We used quantiles to provide a data based rationalization of which weather events to classify as low, medium or high impact events. We chose 3 probabilities representing high, medium and low impacts.

Quantiles give a data based rationalization for low, medium and high impact events.

hh_quant <- quantile(bubble_plot$human_health_nml, c(0.33, 0.66, 1))
ei_quant <- quantile(bubble_plot$economic_impact_nml, c(0.33, 0.66, 1))

# look at the data
hh_quant
##  33%  66% 100% 
##    0    0  100
ei_quant
##  33%  66% 100% 
##    0    0  100

Results

Ploting data for weather events with relatively high human health impacts

p1 <- ggplot(bubble_plot[human_health_nml >= hh_quant[2]], 
             aes(human_health_nml, economic_impact_nml, size = events, 
             label = EVTYPE))
p1 <- p1 + geom_jitter(colour="wheat1", fill = "wheat3", shape = 21, 
                       alpha = 0.3) + scale_size_area(max_size = 25) + 
                       geom_text(size=3)
p1 <- p1 + xlim(c(0, 100)) + ylim(c(0, 100))
p1 <- p1 + labs(title = "Relative Comparison of the Cumulative Human Health 
                         Impacts of Severe Weather Events, \nUSA 1996-2011")
p1 <- p1 + xlab("Human Health Impact \n(Normalized: Tornado = 100 )") + 
           ylab("Economic Impact \n(Normalized: Storm Surge = 100 )")
g <- guide_legend("Number of Events")
p1 <- p1 + guides(size = g)
p1 <- p1 + theme(legend.position = "bottom")
p1 <- p1 + theme_bw()
print(p1)
## Warning: Removed 136 rows containing missing values (geom_point).

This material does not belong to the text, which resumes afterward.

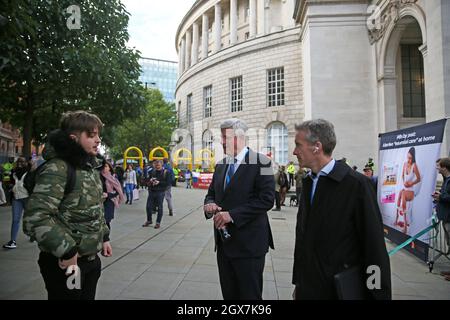 Manchester, Großbritannien. Oktober 2021. Der zweite Tag der Tory Party Conference findet statt. Der ehemalige kanadische Politiker Stephen Harper, der von 2006 bis 2015 als 22. Premierminister von Kanada diente, hält an, um vor dem Konferenzzentrum zu sprechen. Manchester, Großbritannien. Kredit: Barbara Cook/Alamy Live Nachrichten Stockfoto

plot of chunk unnamed-chunk-10

Ploting data for weather events with relatively high economic impacts

p2 <- ggplot(bubble_plot[economic_impact_nml >= ei_quant[2]], 
             aes(human_health_nml, economic_impact_nml, size = events, 
             label = EVTYPE))
p2 <- p2 + geom_jitter(colour="blue1", fill = "blue3", shape = 21, 
                       alpha = 0.3) + scale_size_area(max_size = 25) + 
                       geom_text(size = 3)
p1 <- p2 + xlim(c(0, 100)) + ylim(c(0, 100))
p2 <- p2 + labs(title= "Relative Comparison of the Cumulative Economic 
                        Impacts of Severe Weather Events, \nUSA 1996-2011")
p2 <- p2 + xlab("Human Health Impact \n(Normalized: Tornado = 100 )") + 
           ylab("Economic Impact \n(Normalized: Storm Surge = 100 )")
g <- guide_legend("Number of Events")
p2 <- p2 + guides(size = g)
p2 <- p2 + theme(legend.position = "bottom")
p2 <- p2 + theme_bw()
print(p2)

plot of chunk unnamed-chunk-11